* **TASK GOAL**: Starting at the line that contains "Door Hinge Decor", quote every line through the end of the entries, word for word, skipping the pictures.

* **DATA SHOWN**:
_ _ _ _ _ _ _

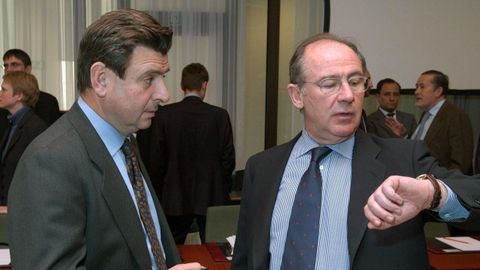 Carlos Bastarreche con Rodrigo Rato en una imagen del 2003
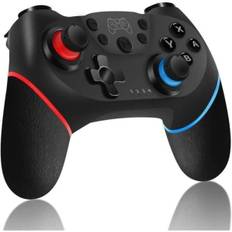 Trådløs controller til Nintendo Switch Bluetooth Joystick Switch Pro Switch Controller med genopladeligt batteri-Turbo-6-akset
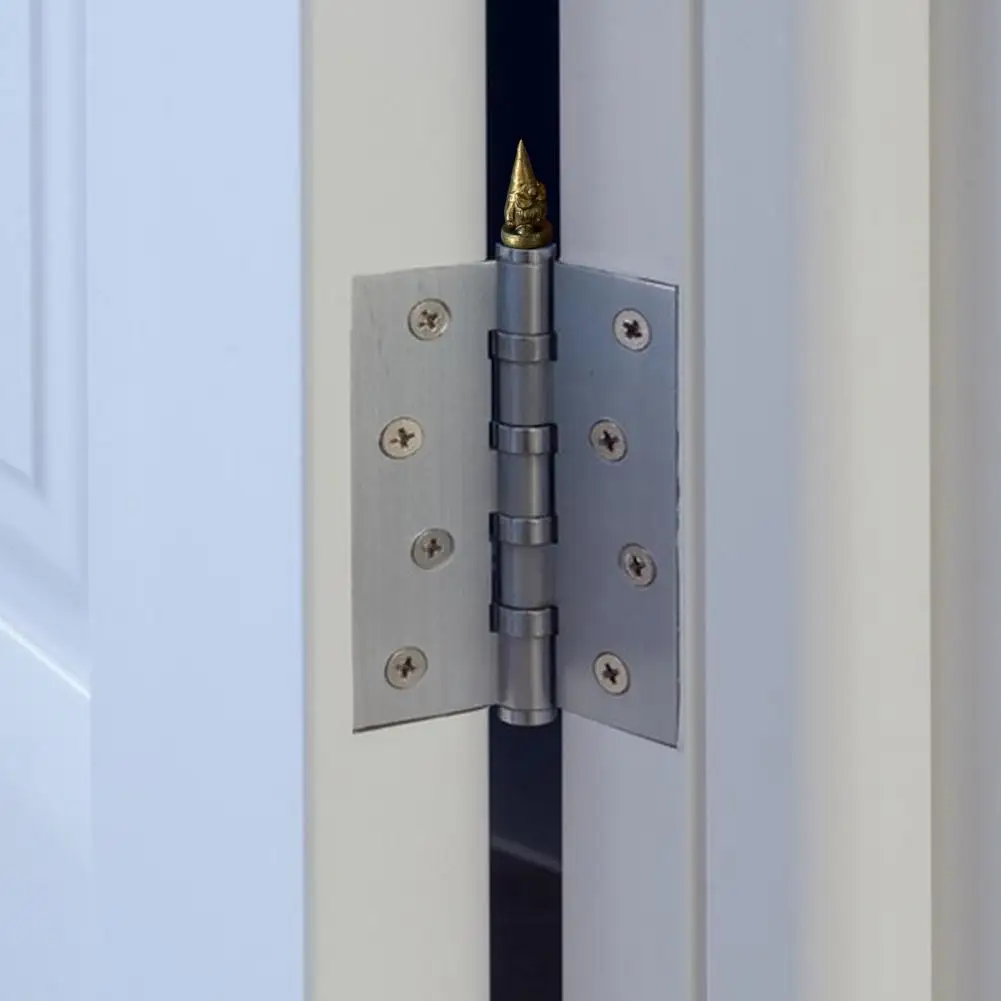 Door Hinge Decor Bronzed Door Hinge Head Magnet for Cabinets Furniture Vintage Decorative Topper for Home Decoration Unique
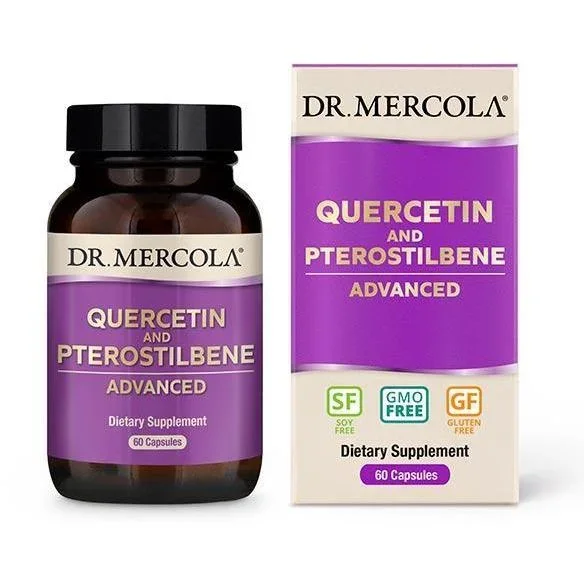 Dr.Mercola Quercetina y Pterostilbene avanzó 60 cápsulas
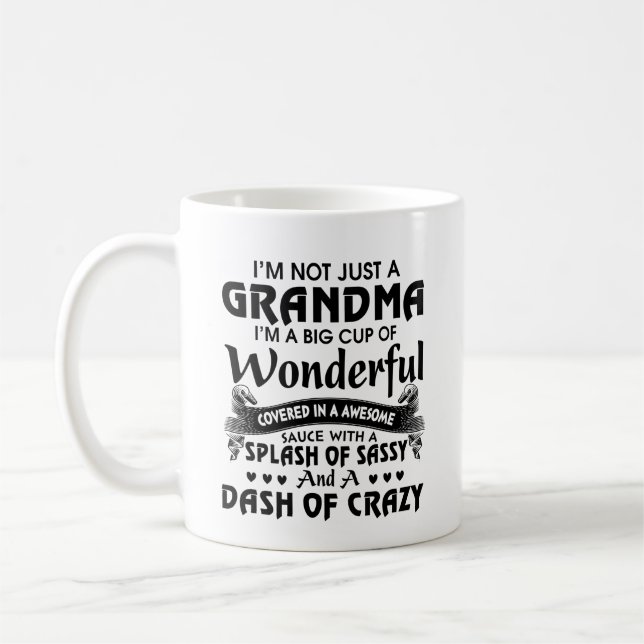 Funny Mother's Day Gift For Wonderful Grandma Coffee Mug (Left)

_ _ _ _ _ _ _

* **REPLY**:
 Door Hinge Decor Bronzed Door Hinge Head Magnet for Cabinets Furniture Vintage Decorative Topper for Home Decoration Unique
 Dr.Mercola Quercetina y Pterostilbene avanzó 60 cápsulas
 Funny Mother's Day Gift For Wonderful Grandma Coffee Mug (Left)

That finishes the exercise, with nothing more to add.